Actually, the Gröbner basis of an ideal is not enough to solve that radical membership! In Singular, radical membership can be tested as explained here.

That functionality is provided by some library of Singular. If you want to do the same in Sage, without using a Singular sub-process, you can meanwhile do as follows:

First, we define some ideal, and show that the Gröbner basis does not immediately show that some power of y vanishes:

sage: P.<x,y> = QQ[]
sage: I = P*[x*y^3+y^5, x*y^6]
sage: I.groebner_basis()
[x^3*y^3, x^2*y^4, y^5 + x*y^3]


Next, we import some stuff that is needed to benefit from Singular library functions in Sage, load the library, define the Singular function, and test for radical membership of y in I:

sage: from sage.libs.singular import lib, singular_function
sage: lib("tropical.lib")
skipping text from parameter
1


I don't know where the text "skipping text ..." comes from - anyway, the answer of the function is 1, and that means that indeed some power of y belongs to I. Let us verify it:

sage: y in I
False
sage: y^2 in I
False
sage: y^3 in I
False
sage: y^7 in I
False
sage: y^8 in I
True


However, no power of x belongs to I:

sage: rad_mem(x,I)
0


I hope this is enough to solve your problem.

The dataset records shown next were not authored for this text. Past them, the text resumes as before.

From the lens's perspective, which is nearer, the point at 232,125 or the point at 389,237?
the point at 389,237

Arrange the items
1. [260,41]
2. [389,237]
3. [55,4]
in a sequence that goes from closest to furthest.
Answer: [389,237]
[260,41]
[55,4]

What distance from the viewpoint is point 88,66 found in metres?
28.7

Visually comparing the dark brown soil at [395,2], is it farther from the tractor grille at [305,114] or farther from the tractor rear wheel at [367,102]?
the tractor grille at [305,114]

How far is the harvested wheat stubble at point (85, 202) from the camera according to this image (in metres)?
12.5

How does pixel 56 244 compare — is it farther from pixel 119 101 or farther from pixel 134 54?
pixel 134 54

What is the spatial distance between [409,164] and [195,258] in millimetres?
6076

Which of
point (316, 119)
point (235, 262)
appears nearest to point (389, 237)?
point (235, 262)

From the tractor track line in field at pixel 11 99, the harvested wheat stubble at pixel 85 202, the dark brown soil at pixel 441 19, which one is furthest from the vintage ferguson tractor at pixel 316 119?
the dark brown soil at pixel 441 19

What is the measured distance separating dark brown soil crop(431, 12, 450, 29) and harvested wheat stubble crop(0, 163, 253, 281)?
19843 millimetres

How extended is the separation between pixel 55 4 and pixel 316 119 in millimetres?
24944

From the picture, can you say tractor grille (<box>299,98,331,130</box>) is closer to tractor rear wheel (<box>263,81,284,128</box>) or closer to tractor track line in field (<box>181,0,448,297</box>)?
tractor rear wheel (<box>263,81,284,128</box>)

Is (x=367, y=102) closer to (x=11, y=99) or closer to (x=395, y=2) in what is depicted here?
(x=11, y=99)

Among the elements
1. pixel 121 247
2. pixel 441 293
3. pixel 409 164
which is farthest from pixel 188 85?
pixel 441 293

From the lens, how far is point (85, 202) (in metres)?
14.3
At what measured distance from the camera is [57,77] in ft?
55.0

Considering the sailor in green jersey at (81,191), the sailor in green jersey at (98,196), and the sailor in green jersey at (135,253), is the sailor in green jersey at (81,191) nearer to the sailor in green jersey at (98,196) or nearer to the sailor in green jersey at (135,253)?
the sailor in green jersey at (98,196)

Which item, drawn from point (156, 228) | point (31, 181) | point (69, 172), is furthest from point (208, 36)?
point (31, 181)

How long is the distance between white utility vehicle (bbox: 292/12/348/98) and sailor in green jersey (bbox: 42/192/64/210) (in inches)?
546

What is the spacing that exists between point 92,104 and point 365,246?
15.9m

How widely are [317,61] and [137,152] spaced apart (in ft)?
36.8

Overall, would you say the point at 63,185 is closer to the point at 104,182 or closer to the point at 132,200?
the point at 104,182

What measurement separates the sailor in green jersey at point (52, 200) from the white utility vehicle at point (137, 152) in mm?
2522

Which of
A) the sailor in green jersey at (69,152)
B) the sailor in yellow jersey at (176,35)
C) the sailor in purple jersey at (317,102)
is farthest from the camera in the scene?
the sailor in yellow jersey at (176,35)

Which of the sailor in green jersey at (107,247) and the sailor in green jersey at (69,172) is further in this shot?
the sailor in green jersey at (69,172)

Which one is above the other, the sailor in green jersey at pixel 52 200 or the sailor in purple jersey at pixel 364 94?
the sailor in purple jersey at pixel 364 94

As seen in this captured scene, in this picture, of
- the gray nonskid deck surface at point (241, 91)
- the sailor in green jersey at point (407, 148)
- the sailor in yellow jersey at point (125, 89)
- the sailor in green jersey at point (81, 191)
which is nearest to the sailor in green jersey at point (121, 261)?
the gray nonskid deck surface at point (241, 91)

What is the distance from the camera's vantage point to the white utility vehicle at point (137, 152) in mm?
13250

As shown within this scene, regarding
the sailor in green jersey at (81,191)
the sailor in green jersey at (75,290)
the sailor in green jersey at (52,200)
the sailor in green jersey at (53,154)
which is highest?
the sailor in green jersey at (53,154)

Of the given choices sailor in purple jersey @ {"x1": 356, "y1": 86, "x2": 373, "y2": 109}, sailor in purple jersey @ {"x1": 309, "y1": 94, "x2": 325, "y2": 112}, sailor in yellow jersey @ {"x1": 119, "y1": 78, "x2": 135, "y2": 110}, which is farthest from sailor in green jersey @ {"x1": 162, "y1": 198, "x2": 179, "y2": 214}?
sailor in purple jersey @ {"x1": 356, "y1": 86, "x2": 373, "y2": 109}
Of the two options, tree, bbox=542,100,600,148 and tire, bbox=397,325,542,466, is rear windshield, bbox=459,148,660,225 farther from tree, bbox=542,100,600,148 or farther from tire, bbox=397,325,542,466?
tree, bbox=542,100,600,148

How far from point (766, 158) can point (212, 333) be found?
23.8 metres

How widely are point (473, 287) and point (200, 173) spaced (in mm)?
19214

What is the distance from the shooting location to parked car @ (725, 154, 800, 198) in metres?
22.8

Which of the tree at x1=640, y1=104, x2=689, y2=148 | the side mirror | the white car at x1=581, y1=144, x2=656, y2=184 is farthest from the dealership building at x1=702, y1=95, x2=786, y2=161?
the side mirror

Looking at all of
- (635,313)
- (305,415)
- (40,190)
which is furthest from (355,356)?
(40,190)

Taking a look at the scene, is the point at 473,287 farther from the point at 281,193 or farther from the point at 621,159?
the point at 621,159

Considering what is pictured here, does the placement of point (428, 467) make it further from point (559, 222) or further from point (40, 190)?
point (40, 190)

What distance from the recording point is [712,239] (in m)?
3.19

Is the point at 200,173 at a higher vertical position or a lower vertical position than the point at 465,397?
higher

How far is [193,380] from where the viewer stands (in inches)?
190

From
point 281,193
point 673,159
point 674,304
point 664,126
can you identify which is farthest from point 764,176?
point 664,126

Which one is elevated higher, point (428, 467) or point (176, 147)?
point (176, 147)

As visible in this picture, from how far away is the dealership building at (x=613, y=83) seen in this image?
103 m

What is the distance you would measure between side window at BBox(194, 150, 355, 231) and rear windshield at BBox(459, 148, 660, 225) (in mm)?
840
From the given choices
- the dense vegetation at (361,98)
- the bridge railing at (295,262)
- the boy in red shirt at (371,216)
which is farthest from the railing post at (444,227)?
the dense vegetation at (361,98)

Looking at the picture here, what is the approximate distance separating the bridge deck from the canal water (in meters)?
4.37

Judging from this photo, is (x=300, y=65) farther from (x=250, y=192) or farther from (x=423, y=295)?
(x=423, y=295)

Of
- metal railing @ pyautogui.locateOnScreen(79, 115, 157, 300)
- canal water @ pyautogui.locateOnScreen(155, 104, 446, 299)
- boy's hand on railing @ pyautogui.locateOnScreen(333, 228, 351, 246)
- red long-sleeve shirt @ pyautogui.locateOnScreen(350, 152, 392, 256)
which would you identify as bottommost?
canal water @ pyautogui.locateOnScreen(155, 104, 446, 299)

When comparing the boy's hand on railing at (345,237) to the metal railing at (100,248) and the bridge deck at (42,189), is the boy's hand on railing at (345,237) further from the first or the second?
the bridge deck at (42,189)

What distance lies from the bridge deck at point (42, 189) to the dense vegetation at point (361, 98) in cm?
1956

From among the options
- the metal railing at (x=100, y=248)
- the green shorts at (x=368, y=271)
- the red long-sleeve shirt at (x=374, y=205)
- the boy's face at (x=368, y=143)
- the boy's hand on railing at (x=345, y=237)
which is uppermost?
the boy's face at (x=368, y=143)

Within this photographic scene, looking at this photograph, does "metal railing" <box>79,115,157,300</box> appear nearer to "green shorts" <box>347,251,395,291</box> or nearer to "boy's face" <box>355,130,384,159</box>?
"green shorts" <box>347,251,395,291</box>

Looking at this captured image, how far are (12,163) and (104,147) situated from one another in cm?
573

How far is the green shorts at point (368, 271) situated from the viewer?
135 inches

In particular, I believe that looking at some protocol output of slimgb would certainly not solve your problem: As demonstrated above, the Gröbner basis does, in general, not directly provide the radical membership information for variables).

Also, as much as I know, there is no option to make slimgb or std or another Singular function make print the polynomials being considered.